You have the right to ask your attorney how technology is being used in your case and what review processes are in place. If a risk assessment tool is used in a criminal proceeding involving you, you may have rights to understand and challenge the score depending on the jurisdiction. As courts develop clearer rules around AI disclosure, the information available to parties about how AI is affecting their cases will likely increase.
Frequently Asked Questions
Can AI be used to decide court cases?
No. AI tools are not making judicial decisions in any U.S. court. Judges decide cases. AI may assist with research, document review, scheduling, or drafting, but the legal decision — the ruling on a motion, the verdict, the sentence — remains a human judgment. Courts have been explicit that AI is a supporting tool, not a decision-maker, and that human accountability for legal decisions is non-negotiable.
What happened with lawyers who used fake AI citations in court?
Several attorneys have faced sanctions and public reprimand for submitting court filings containing citations to cases that did not exist, generated by AI tools and not verified before filing. In some cases, courts imposed monetary sanctions and required remedial legal education. The cases established clearly that using an AI tool does not relieve an attorney of the professional responsibility to verify the accuracy of everything in a filing.
Are courts required to disclose when they use AI?
Requirements vary by jurisdiction and are still developing. Currently, most disclosure rules target attorneys filing documents, not courts using AI for administrative functions. As AI use by courts themselves becomes more widespread, transparency and disclosure requirements are likely to expand. Several legal scholars and advocacy organizations are pushing for courts to be subject to the same disclosure expectations they impose on lawyers.

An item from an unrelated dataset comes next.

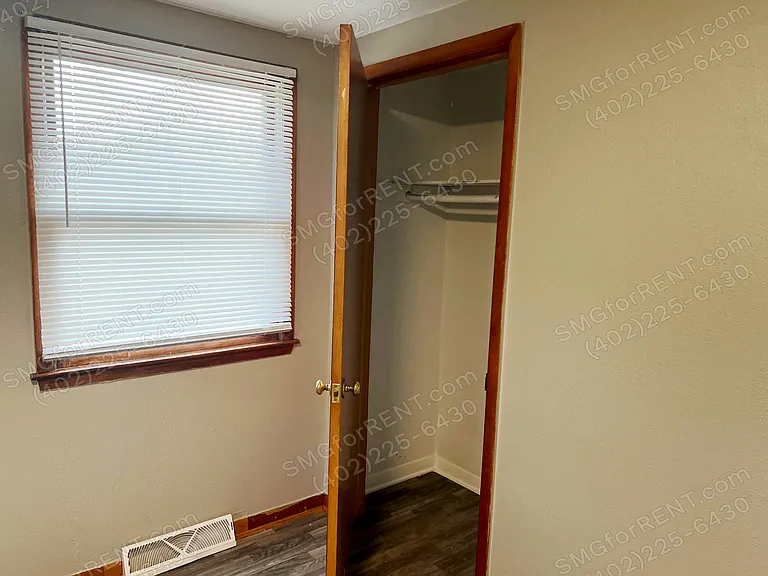 605 Vine St — Photo 6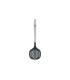 ESPUMADERA INOX NILON SIGNATURE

Can AI bias affect my legal case?
Potentially, depending on the type of AI involved and how it is used. Risk assessment tools used in bail and sentencing decisions have been shown to produce racially disparate outcomes in some studies. AI used for document review or legal research introduces different risks — primarily accuracy rather than demographic bias. The best protection is an attorney who understands the tools being used, applies appropriate skepticism to AI output, and verifies results before relying on them.
What is a risk assessment tool and how is it used in court?
A risk assessment tool is an algorithm that generates a score predicting the likelihood that a defendant will fail to appear for trial or commit a new offense before their case is resolved. Judges in some jurisdictions may consider these scores when making bail and pretrial detention decisions. The tools are controversial because they have been shown to produce racially disparate results in some studies, and because defendants often have limited ability to examine or challenge the algorithmic basis for a score that affects their liberty.